In addition, the questionnaire contained questions about the demographic characteristics (e.g., gender, age, education level, and living condition) and attitudes toward the risk of dysfunction. To check the understandability of the DCE questionnaire, we also conducted a pilot test comprising 20 residents selected from a community in Wuhan and revised the questionnaire based on the feedback from respondents. The pilot test suggested that the process of administering the questionnaire took about 20–25 min on average.

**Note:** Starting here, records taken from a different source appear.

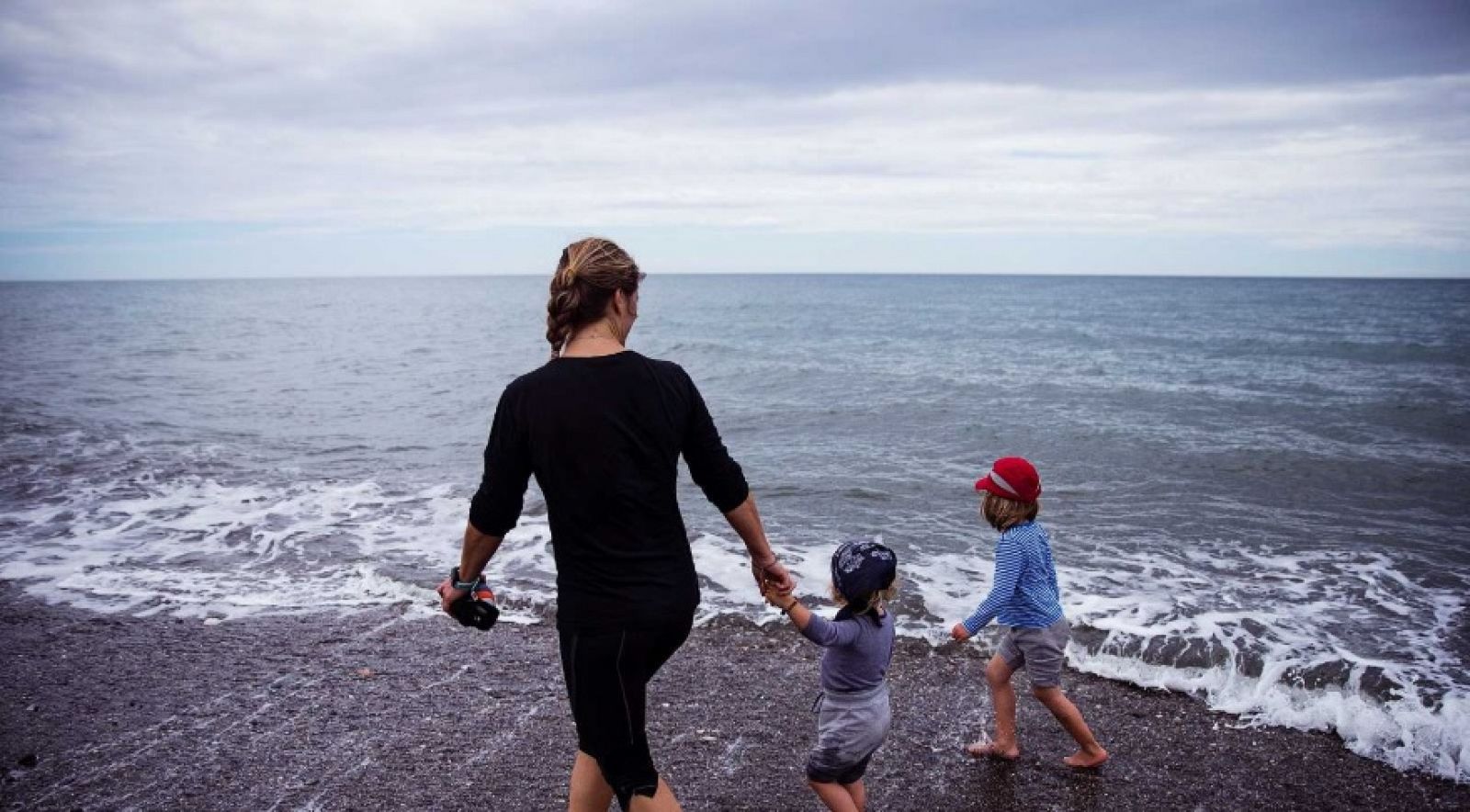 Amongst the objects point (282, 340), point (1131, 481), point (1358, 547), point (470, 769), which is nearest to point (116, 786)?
point (470, 769)

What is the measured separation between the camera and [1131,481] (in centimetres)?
1377

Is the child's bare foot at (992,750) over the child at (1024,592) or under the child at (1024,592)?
under

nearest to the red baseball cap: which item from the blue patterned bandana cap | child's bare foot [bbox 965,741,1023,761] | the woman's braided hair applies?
the blue patterned bandana cap

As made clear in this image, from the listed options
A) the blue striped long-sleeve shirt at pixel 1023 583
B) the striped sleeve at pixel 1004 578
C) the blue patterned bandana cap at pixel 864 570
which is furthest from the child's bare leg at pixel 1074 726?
the blue patterned bandana cap at pixel 864 570

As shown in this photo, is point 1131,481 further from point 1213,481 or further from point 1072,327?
point 1072,327

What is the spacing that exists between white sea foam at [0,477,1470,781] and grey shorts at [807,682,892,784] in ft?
11.4

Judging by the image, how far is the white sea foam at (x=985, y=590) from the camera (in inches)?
250

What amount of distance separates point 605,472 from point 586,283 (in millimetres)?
594

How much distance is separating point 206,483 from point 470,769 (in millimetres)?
10194

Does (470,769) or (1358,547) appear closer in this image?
(470,769)

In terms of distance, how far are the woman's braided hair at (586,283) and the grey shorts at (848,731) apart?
194 cm

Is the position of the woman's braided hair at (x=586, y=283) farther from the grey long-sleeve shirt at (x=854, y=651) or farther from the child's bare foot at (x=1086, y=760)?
the child's bare foot at (x=1086, y=760)

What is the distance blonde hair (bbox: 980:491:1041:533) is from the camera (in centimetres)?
463

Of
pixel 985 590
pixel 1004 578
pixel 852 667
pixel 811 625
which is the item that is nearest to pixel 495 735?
pixel 852 667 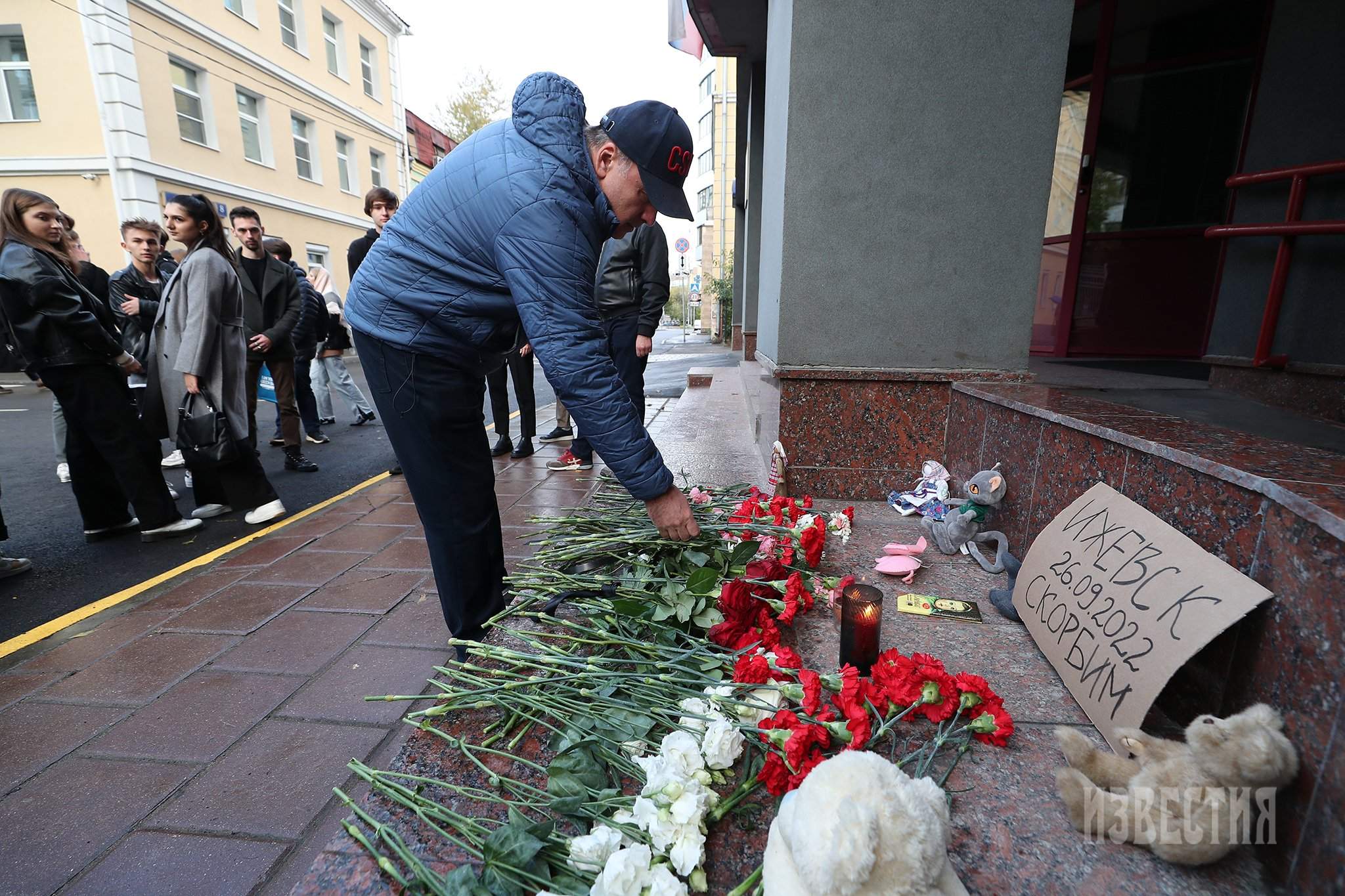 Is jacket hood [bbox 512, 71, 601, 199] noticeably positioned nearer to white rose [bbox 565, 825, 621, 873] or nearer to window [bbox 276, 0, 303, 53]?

DCE implementation and data collection

Following the sample size calculation methods proposed by Johnson and Orme (55), 84 respondents would provide adequate power to detect the main effects. Considering that a large sample size would facilitate heterogeneity analysis, we targeted a sample of 400 residents aged 45 and over in Hubei Province, the typical provincial capital in central China. Jingmen City is the first batch of LTCI pilot cities in the country, and Wuhan City, the capital of Hubei Province, has the potential to be the province's next pilot city (56, 57). Therefore, we selected these two representative cities as experimental implementation sites. Then, the survey was conducted in Qiaokou District of Wuhan City and Dongbao District of Jingmen City, according to the distance of field research and the convenience of data acquisition. Next, two communities were chosen randomly from each district. Finally, we selected one hundred residents aged 45 years and older in each community.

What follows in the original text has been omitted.